**Given data:**
▶
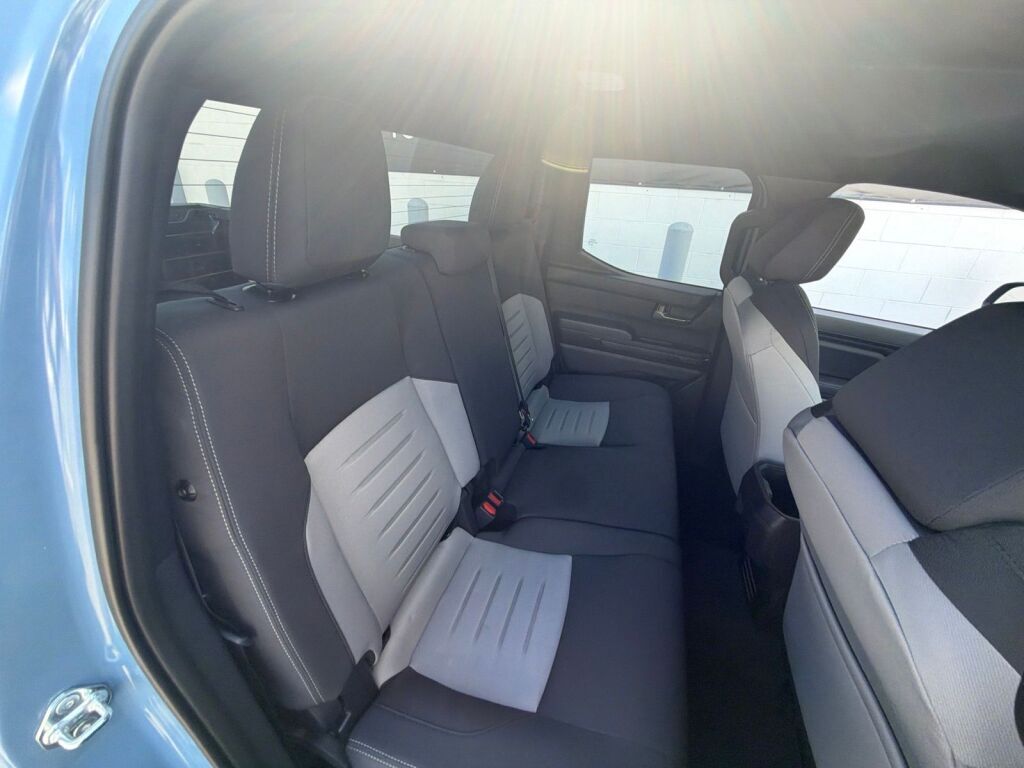 2026 Toyota Tacoma TRD Sport Fredericksburg VA
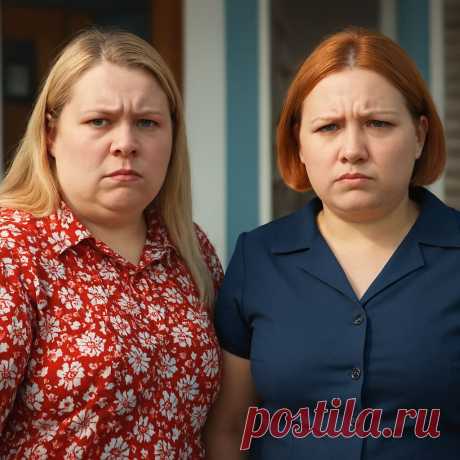 На моей кухне золовка заявила, что я обязана кормить её семью, но обед закончился неожиданно - OGADANIE.RU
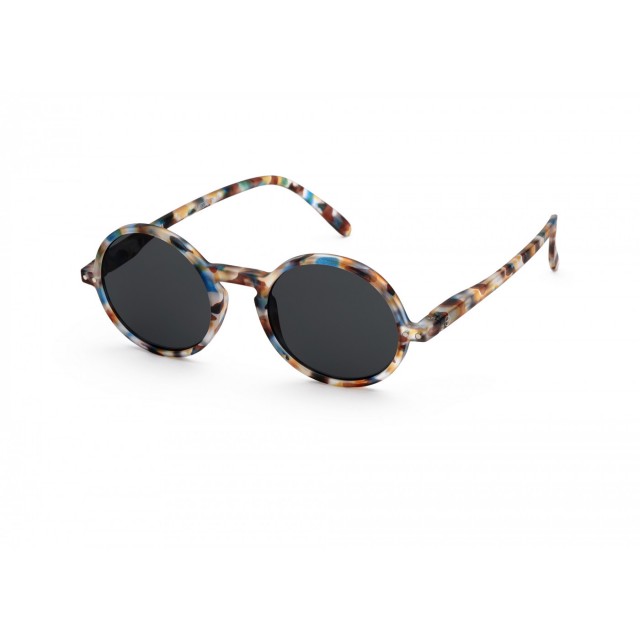 Sun G Blue Tortoise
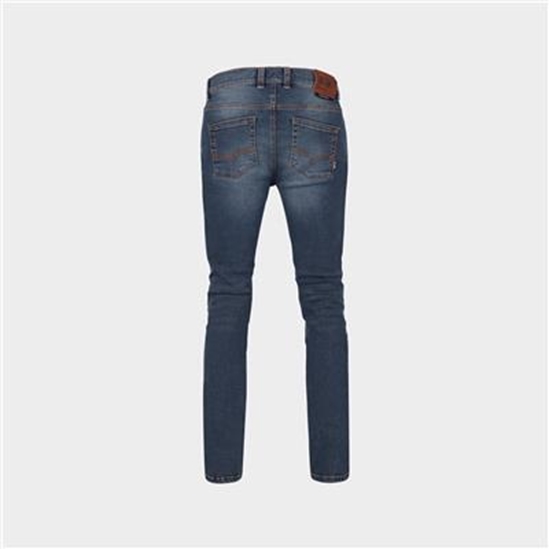 RICHA ORIGINAL 2 JEANS SLIM FIT moto kalhoty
◀
The response should be the full material, repeated exactly, with images removed.

 2026 Toyota Tacoma TRD Sport Fredericksburg VA
 На моей кухне золовка заявила, что я обязана кормить её семью, но обед закончился неожиданно - OGADANIE.RU
 Sun G Blue Tortoise
 RICHA ORIGINAL 2 JEANS SLIM FIT moto kalhoty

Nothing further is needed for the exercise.